Exercise objective -> Taking only the lines of the data below from the line with "Best Team Ever" to the line with "Vintage P &", ends included, write them out exactly and without pictures.

Material to process ->

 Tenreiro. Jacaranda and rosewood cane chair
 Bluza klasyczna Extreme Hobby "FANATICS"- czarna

==

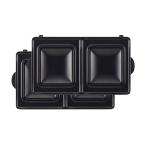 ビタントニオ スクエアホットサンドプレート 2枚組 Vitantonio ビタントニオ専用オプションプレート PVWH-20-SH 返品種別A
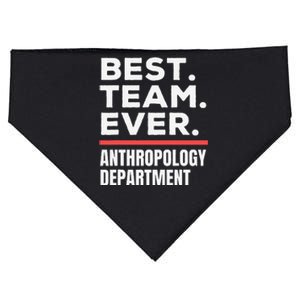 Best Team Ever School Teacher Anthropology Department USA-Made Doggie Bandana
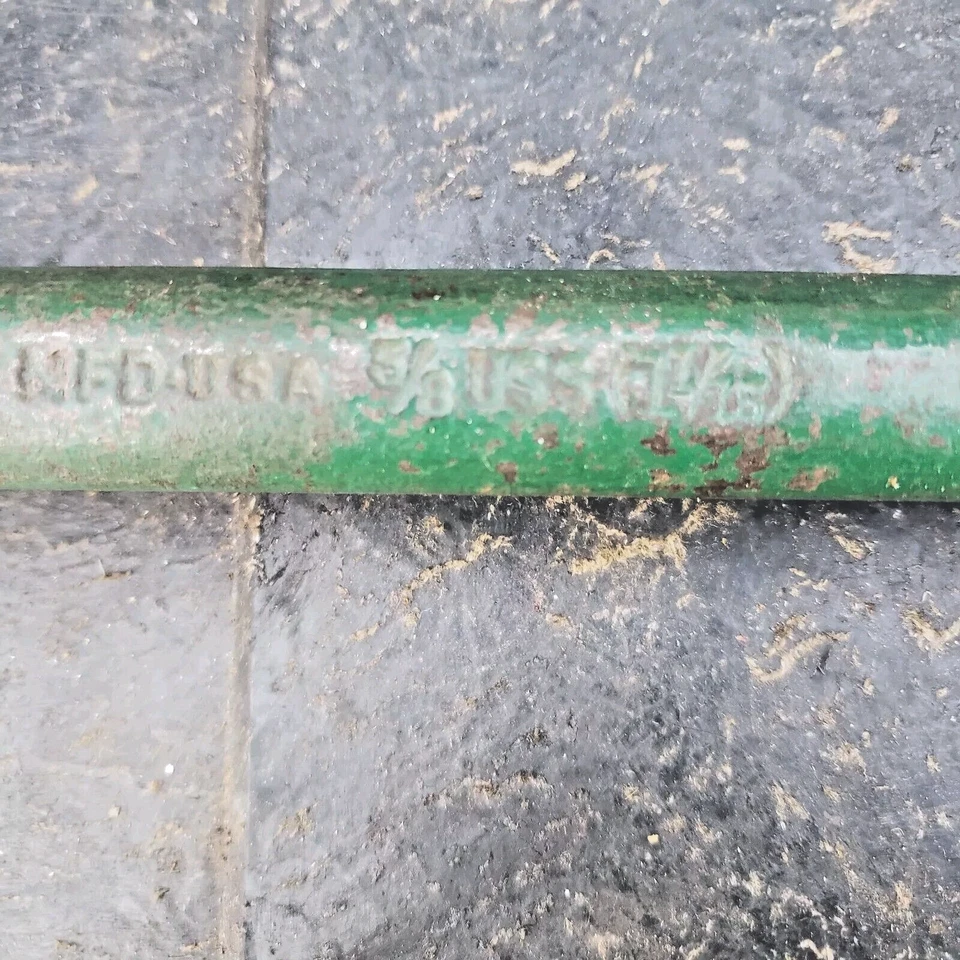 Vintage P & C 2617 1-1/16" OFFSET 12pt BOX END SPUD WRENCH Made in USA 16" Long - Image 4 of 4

Result of the exercise ->
 Best Team Ever School Teacher Anthropology Department USA-Made Doggie Bandana
 Vintage P & C 2617 1-1/16" OFFSET 12pt BOX END SPUD WRENCH Made in USA 16" Long - Image 4 of 4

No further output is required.